Anyone getting the impression that a tattoo is something to be entered into lightly, needed only gaze upon 28-year-old Bo Hayes of the Ultimate Art Form Tattoo Studio in Wentzville, Mo. For more than four hours, Hayes’ face remained contorted in pain as a rubber-gloved co-worker Mike Pease needled in a drawing of a woman on all fours into the tender skin on his side above his hip bone (In the adjacent booth, a tattoo artist wore a hat that said, “Yes, it does hurt.”)

“This is the worst place to get it,” Hayes said, gritting his teeth between swigs of beer. Still, he said, the results are worth the pain. “It’s about having the art and heart,” he said. “It’s a great rush--something you never forget for your whole life.”

Some however, would like to forget.
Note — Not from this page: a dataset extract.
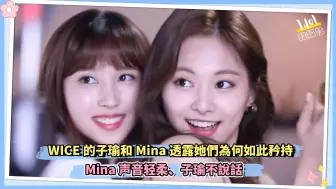 Download Video: TWICE的子瑜和Mina透露她们为何如此矜持 Mina声音轻柔、子瑜不说话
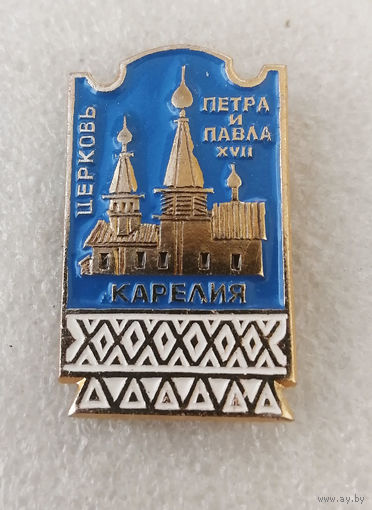 Карелия. Церковь Петра и Павла 17 век. Религия. Деревянное зодчество. Архитектура #3744-CP59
So, for the first time at the Inkslingers Ball, there was a booth that catered to a desire that ran counter to the heady needlemania that permeated this show. It refers penitents to the office of a Dr. Steven Popkow, a Santa Monica dermatologist who specializes in laser tattoo removal.
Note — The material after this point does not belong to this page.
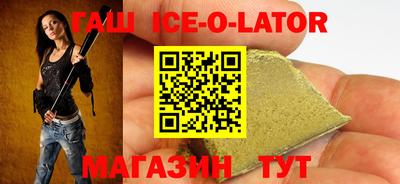 прущая мука Краснознаменск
“Everybody has something they wish they could change or remove--usually the name of an old boyfriend or girlfriend,” said Ed Acevedo, who manned the booth and handed out $20-off coupons and brochures explaining the removal process. “Nowadays,” he said, sounding what is perhaps the most revolutionary note in the inkslinging world, “tattoos don’t have to last forever.”